23.昔話をしよう 2
討伐から戻ってから、ファリナの雰囲気が変わった。
「ヒメカ様、ご飯だよ。」
なにより、わたしを名前で呼んでくれるようになった。
わたしの方は、ファリナの前で大泣きしてしまったこともあり、恥ずかしさで逆にツンツンしてしまうようになっていた。
「かわいいわねー、ヒメカ様は。」
そんなわたしを見て、ファリナはニコニコしてかまってくる。
「う、うるさい。」
ファリナは、剣の訓練にさらに励むようになった。今まで以上に真剣に。
「もっと強くなる。ヒメカ様の足手まといにはならない。」
え?わたしのためなの?
だから、わたしも負けていられなかった。ファリナの足を引っ張るような真似はできない。
魔法の制御ができるようになる。
誰かのための訓練は楽しかった。魔法の練習が楽しく思えるなんて。誰かと笑って暮らせるなんて。これは夢だと思った。そして、現実は夢を壊そうとする。
ファリナが、もうじきハンターになれる13歳になる。そうなったら正式にハンター登録することになっていた。わたしは来年。っていうか、すでに勇者の仕事をさせておいて、何を今さらって感じ。とりあえず、体裁は整えなきゃいけないらしい。

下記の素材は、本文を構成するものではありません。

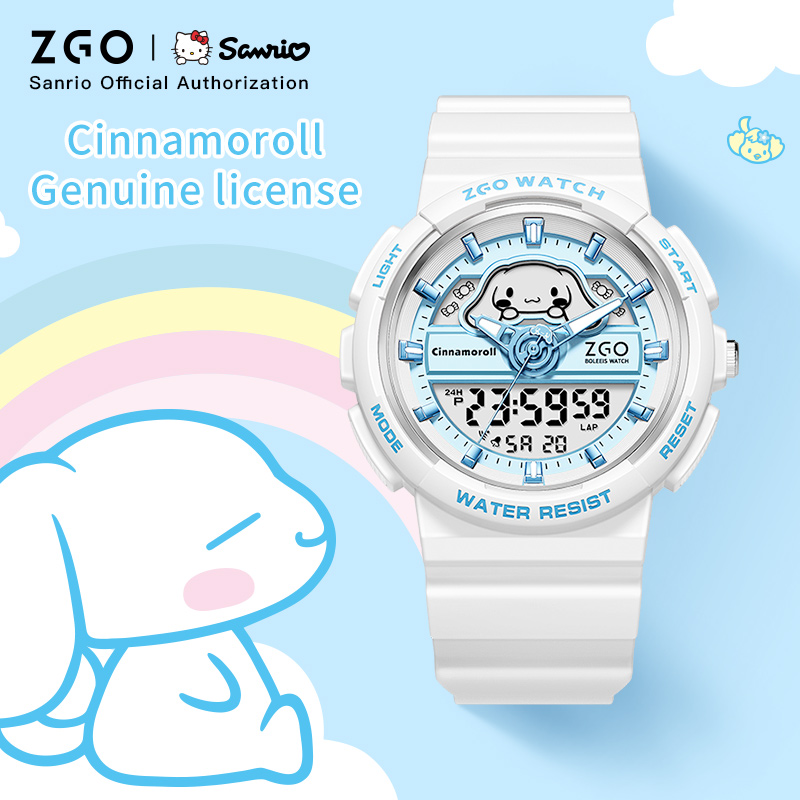 Home Security Electronics - Zgo x sanrio cinnamoroll relógio eletrônico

わたしたちの事は、国に対しても秘密にすることになっている。こんな年端もいかない女の子に魔人族と戦わせようっていうんだ。批判を避けたいのだろう。
パーティー名「爆炎の聖女」。所属者名不明。所属人数不明。村の外には、一切を明らかにしない。そのかわり、どんな魔人族関係の依頼でも受ける。ただしお高いですよ。
ファリナが正規のハンターになったら、わたしたちはこの条件で活動することになる。
パーティー名を決めたのはファリナ。
「バカみたいに燃やすのが好きな聖女様の一団だもの、これでいいんじゃない。」
「バカみたい言うな!」
ファリナがハンター登録する数週間前になって、ファリナは村長に呼ばれた。
帰ってきたファリナの顔は真っ青で、驚いているわたしにいきなり抱きついてくる。
「ごめん。一緒にパーティー組めなくなった。」
「な、何?どういうこと?」
村で訓練していた勇者として有望な男が、ファリナを妻にもらえるなら村に残ってもいいとか言い出した。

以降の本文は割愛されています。